Performance Comparison of tcopula GARCH-LVaR with GARCH-VaR To optimize the portfolio in the Tehran Stock Exchange
Subject Areas : Stock ExchangeGholam Reza Taghizadegan 1 , , Gholamreza Zomorodian 2 , rasoul saadi, 3 , mirfeyz Fallah 4
1 - Department of Financial Management, Central Tehran Branch, Islamic Azad University, Tehran, Iran
2 - Department of Financial Management, central Tehran Branch, Islamic Azad University. Tehran, Iran and member of Modern Financial Risk Research Group
3 - Department of Financial Management, central Tehran Branch, Islamic Azad University. Tehran, Iran
4 - Department of Financial Management, central Tehran Branch, Islamic Azad University. Tehran, Iran and member of Modern Financial Risk Research Group
Keywords: Portfolio optimization, Tehran Stock Exchange, tcopula, LVaR, Dynamic Conditional Correlation(DCC),
Abstract :
The aim of this research is to compare the performance of the value-at-risk model with the liquidity-t-copula approach with dynamic conditional correlation (t-copula-GARCH-LVaR) with the value-at-risk (VaR) model to optimize the portfolio in the Tehran Stock Exchange.
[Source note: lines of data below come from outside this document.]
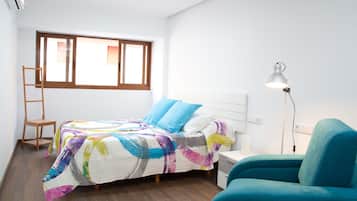 City-Apartment, 1 Schlafzimmer, Stadtblick | Hochwertige Bettwaren, Daunenbettdecken, Zimmersafe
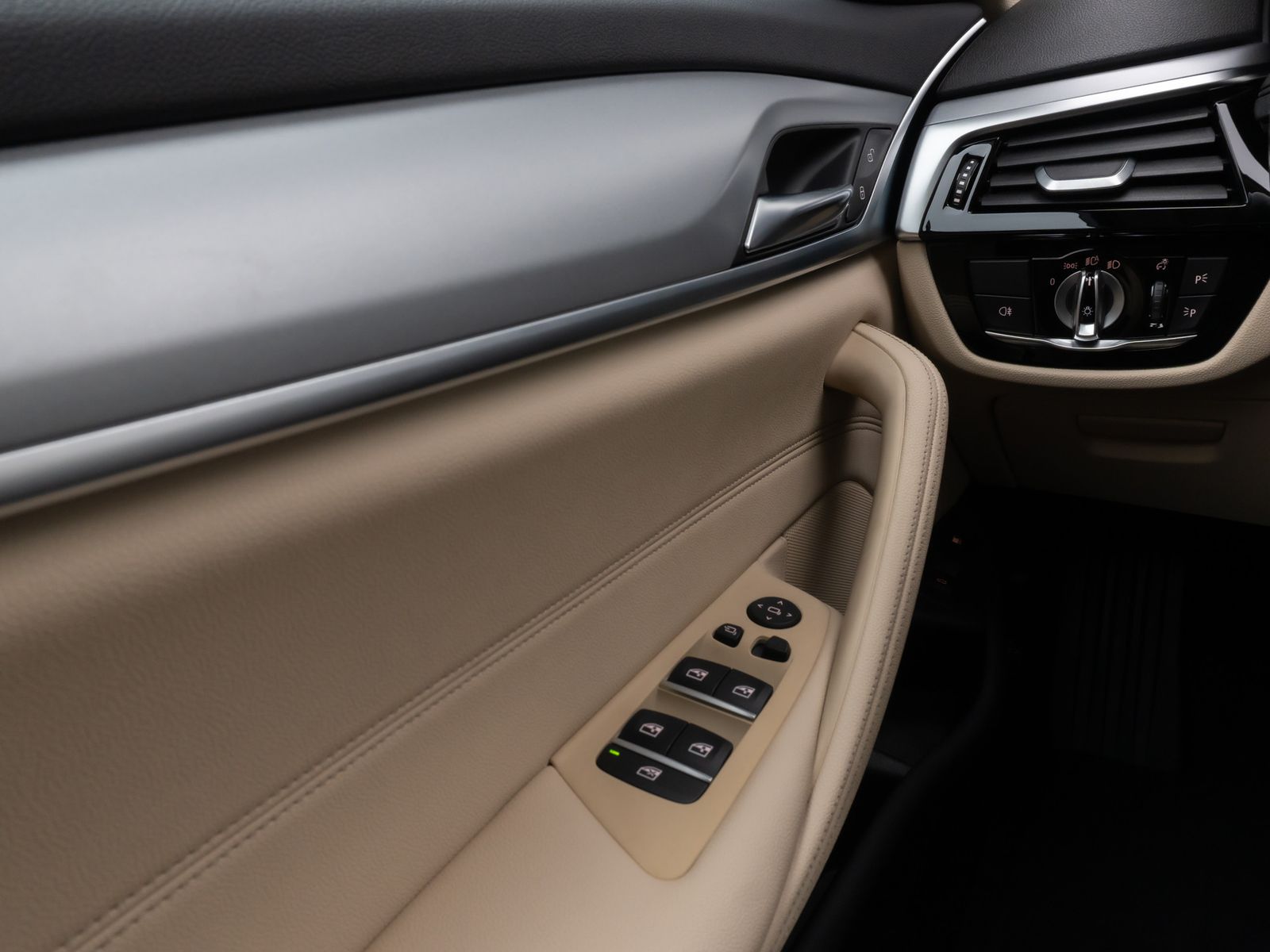 Fahrzeugabbildung BMW 530e Panorama Kamera DAB HiFi 4xKlima Leder 18Zl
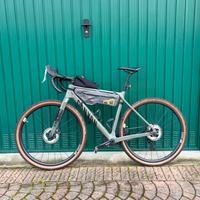 Gravel bike Canyon CF SL8 1by taglia M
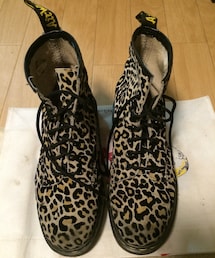 Dr. Martens | ヒョウ柄
(ブーツ)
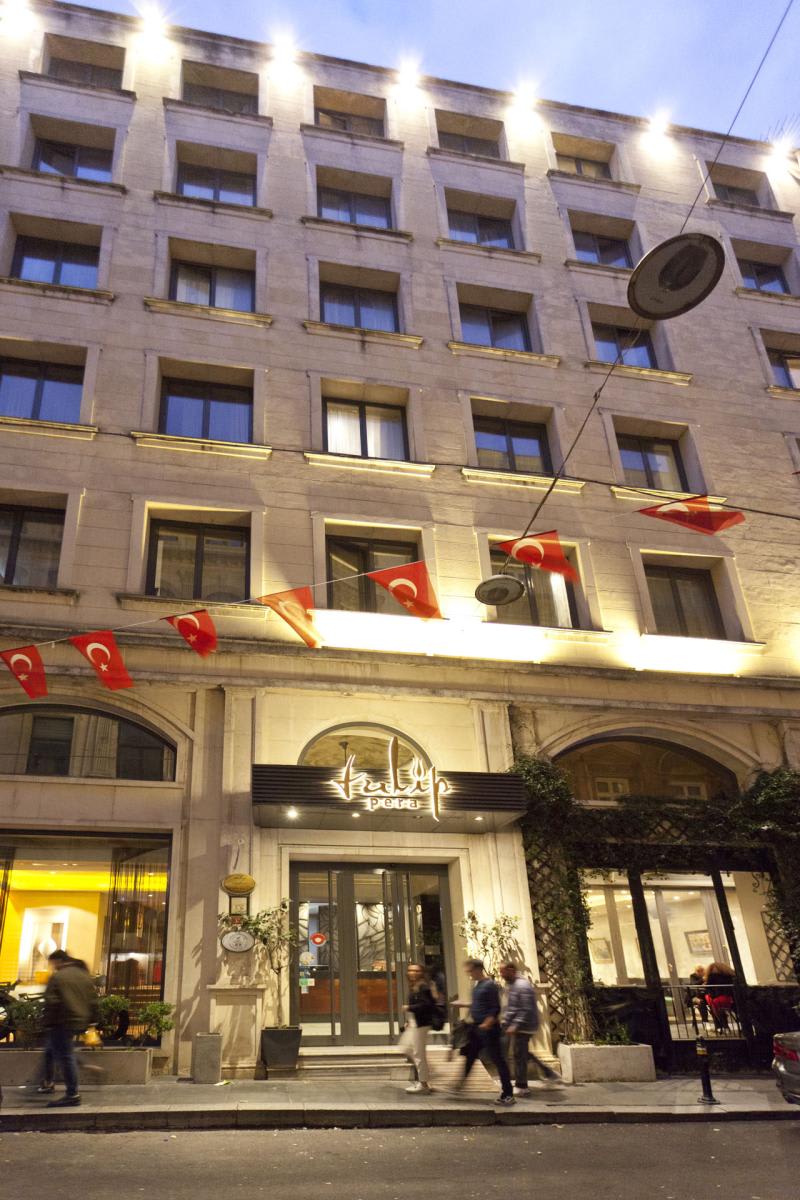 Pera Tulip Taksim Hotel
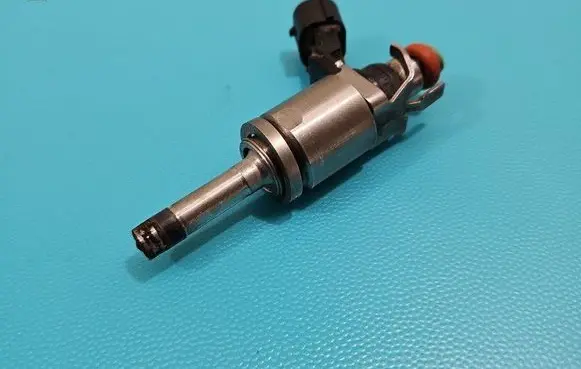 Fuel injector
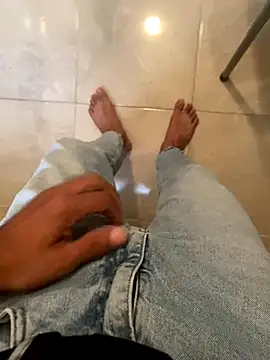 Snapshot of amyalaruz34ist chatting on October 2025 02:24:01 PM amyalaruz34ist online show from October 2025 02:24:01 PM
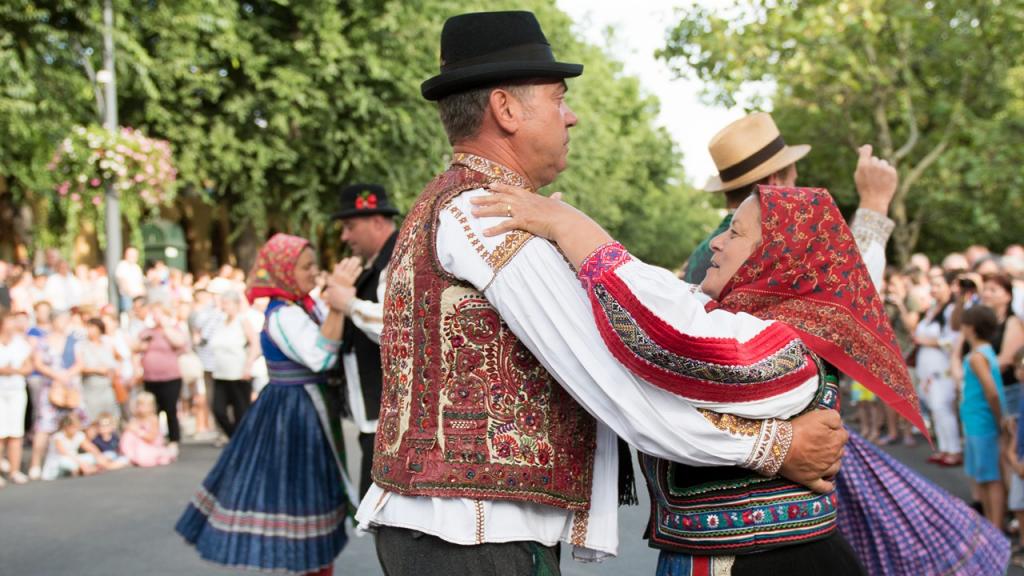 XXVII. Csángó fesztivál - Főtéri forgatag / Jászberény Online / Szalai György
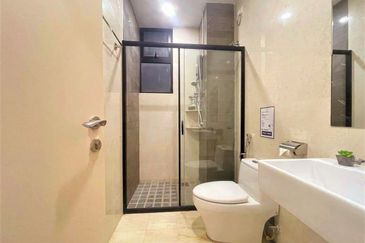 THE COVE HILLSIDE RESIDENCE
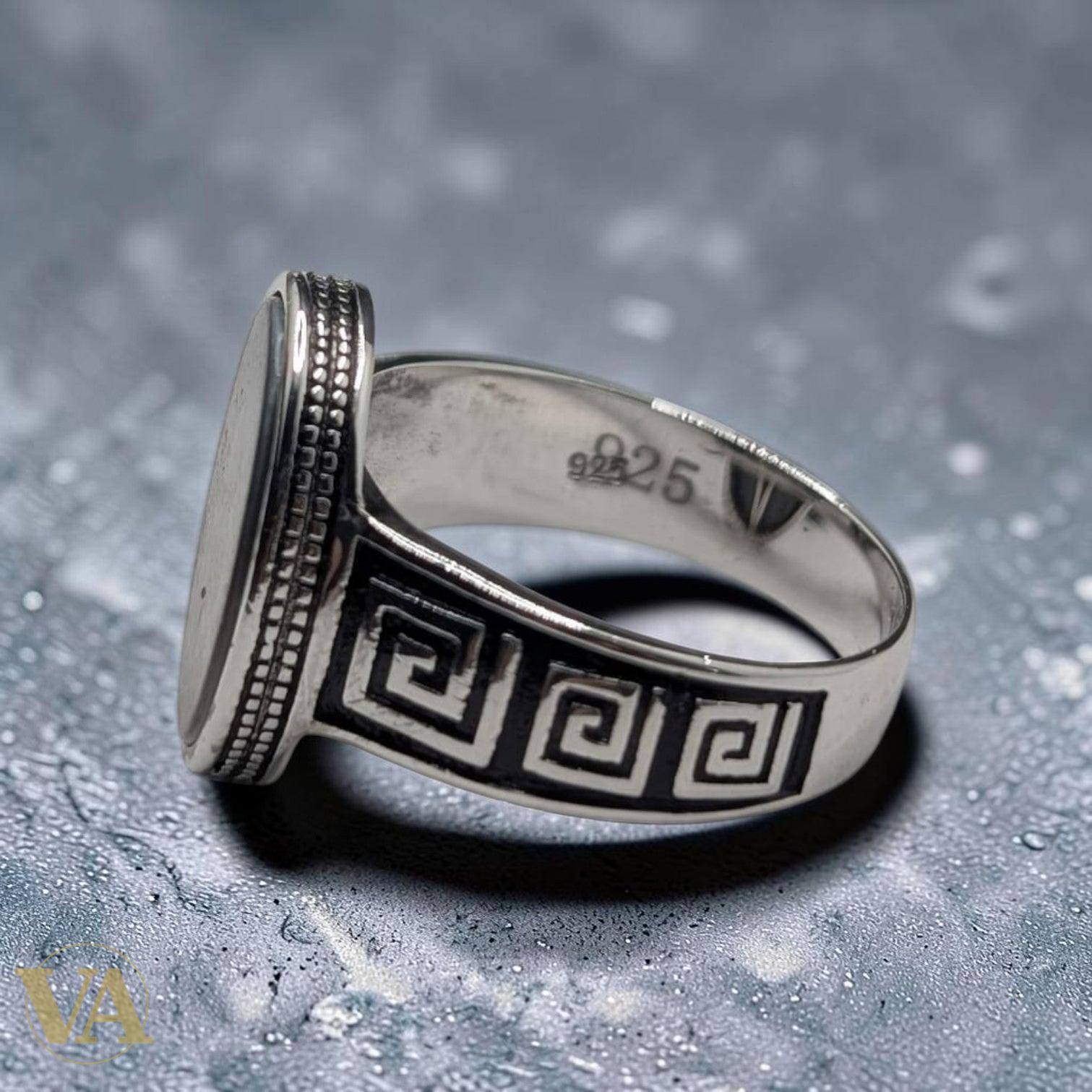 Chevalière Homme Argent 925 Nacre Gris Anthracite Cabochon Ovale Motif Grec-Vindicta : Bijoux Argent 925 Massif, Luxe et Héritage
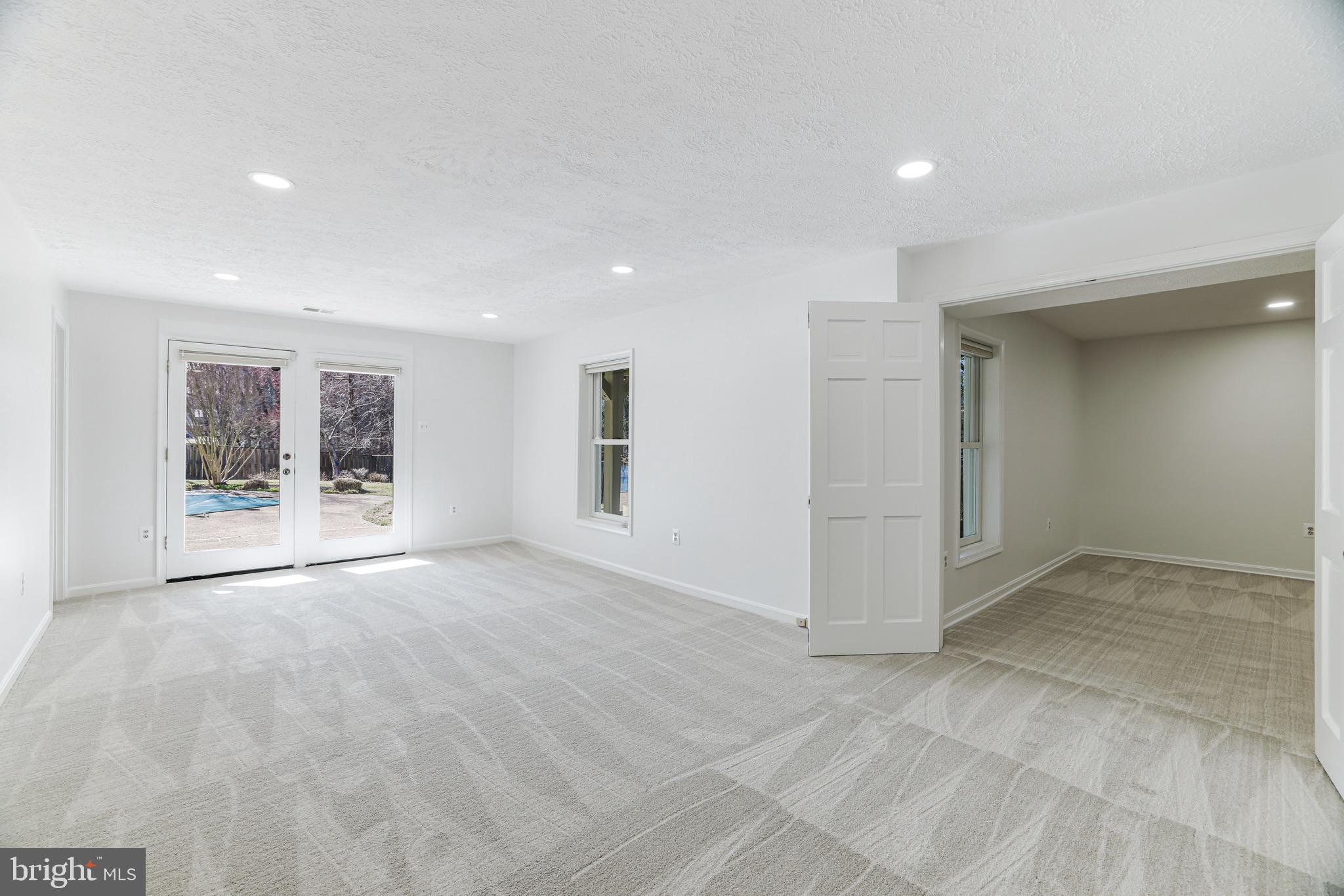 MCLEAN ESTATES - Residential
In the current research, in order to test the desired hypotheses, the period is between 2001 and 2021. All the variables used in this research on a quantitative scale and observations in the form of time series are the daily logarithmic returns of 40 stock market indices, including 39 industry indices and one index of fixed-income bonds from the beginning of September 2011 to the end of July 2021. In this research, to perform the final analysis, all the calculations required for this research were done using the open-source software R 4.2.1. Our results showed that the t-copula-GARCH-LVaR optimization model performs better according to the Sharpe criterion based on Mann–Whitney U test at the 95% test level.